It seems some are indeed getting slower performance than others. Are you in Europe? Antarctica?
One thing you can test is to see how fast the model gpt-3.5-turbo-instruct works for you (needing the completion endpoint and a different prompting style than “messages”. When it first came out stealthfully, I was getting near 100 tokens per second. Streamed tokens still flow out of it smoothly.
– completion: time 3.426s, 184 tokens, 53.7 tokens/s –
That model is the replacement instruction-following completion model for models like text-davinci-003. They just have the playground labeled weird because they also announced the endpoint was going away, but obviously not.
It has the same context length of 4096, and it is easier to produce large output because it doesn’t have excessive ChatGPT training. It behaves differently, and is still more like completion than instruct, so you’ll need to re-engineer your prompts.
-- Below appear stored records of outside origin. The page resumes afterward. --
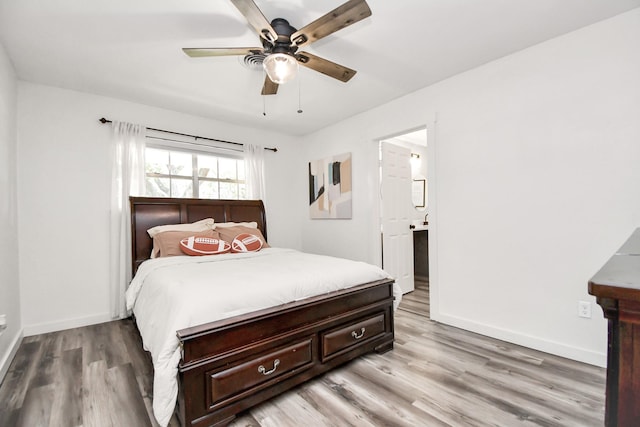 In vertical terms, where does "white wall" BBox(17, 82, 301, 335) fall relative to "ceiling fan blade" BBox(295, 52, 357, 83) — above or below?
below

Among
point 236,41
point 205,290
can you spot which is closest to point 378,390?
point 205,290

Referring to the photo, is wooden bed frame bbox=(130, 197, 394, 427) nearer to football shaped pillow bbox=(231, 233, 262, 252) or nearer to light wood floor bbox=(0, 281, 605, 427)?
light wood floor bbox=(0, 281, 605, 427)

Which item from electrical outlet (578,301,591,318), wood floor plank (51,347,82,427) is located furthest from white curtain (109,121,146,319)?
electrical outlet (578,301,591,318)

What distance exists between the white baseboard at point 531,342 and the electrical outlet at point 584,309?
0.26 meters

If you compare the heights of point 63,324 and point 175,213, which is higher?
point 175,213

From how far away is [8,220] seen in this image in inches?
93.5

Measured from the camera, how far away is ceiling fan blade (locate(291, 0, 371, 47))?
149 cm

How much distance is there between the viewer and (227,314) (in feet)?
5.22

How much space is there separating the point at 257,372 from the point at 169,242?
6.11ft

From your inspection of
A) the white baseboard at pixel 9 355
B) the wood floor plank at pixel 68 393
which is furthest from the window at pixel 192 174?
the wood floor plank at pixel 68 393

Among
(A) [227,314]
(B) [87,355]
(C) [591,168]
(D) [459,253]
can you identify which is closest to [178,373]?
(A) [227,314]

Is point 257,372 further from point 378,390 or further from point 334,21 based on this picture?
point 334,21

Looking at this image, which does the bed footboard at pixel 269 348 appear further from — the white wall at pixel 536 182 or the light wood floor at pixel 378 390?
the white wall at pixel 536 182

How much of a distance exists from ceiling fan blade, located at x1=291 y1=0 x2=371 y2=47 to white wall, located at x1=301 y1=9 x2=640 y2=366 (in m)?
1.73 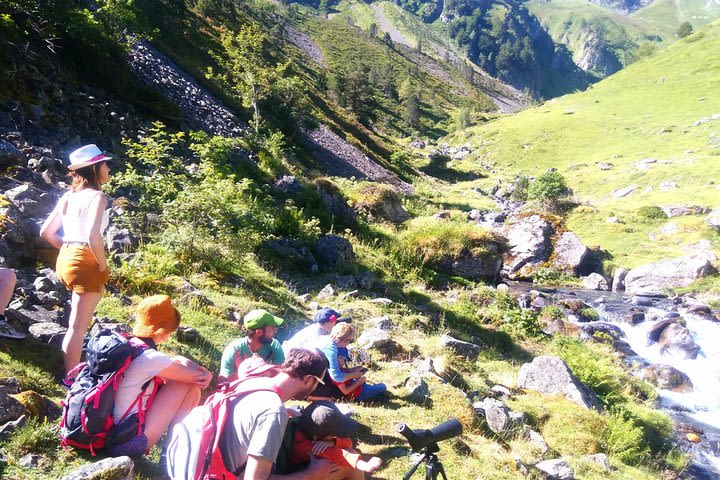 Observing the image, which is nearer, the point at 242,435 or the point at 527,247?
the point at 242,435

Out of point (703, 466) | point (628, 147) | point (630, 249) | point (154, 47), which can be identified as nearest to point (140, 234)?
point (703, 466)

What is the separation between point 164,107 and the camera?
1582 centimetres

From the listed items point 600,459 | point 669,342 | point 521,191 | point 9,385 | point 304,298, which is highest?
point 9,385

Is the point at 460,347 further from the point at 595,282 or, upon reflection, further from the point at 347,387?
the point at 595,282

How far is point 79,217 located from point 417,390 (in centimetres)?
484

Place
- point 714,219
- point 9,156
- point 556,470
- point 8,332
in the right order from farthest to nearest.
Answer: point 714,219 → point 9,156 → point 556,470 → point 8,332

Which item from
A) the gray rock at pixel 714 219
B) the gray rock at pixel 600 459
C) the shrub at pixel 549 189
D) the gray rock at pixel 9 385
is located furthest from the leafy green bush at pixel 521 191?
the gray rock at pixel 9 385

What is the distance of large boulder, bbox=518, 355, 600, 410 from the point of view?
27.4 feet

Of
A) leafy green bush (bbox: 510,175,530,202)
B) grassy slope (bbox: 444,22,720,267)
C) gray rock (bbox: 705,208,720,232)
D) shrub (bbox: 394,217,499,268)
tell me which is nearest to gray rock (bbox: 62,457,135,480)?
shrub (bbox: 394,217,499,268)

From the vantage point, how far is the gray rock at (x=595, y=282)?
2220 centimetres

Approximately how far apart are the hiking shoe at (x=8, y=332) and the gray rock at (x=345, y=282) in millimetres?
7742

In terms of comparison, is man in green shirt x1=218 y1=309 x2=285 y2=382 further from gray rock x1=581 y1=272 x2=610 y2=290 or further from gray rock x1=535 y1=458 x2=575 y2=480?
gray rock x1=581 y1=272 x2=610 y2=290

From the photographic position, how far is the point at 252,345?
5148 mm

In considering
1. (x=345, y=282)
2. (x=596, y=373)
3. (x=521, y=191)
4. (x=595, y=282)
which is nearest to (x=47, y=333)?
(x=345, y=282)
I’m in San Francisco, CA. It used to take less then 5 secs before. It’s been slowing down from this afternoon PST. I don’t see any red bars in the ChatGPT status.
Also the playground seems like way slower than before. Does anyone encounter the same issues?
I am also getting about 10 tokens/second from GPT-3.5 API and this is very slow compared to few days ago. I am receiving complaints from customers who have to wait from 30 seconds to 1 minute to get the usual 300 to 600 tokens per response that my business require. It was much faster before.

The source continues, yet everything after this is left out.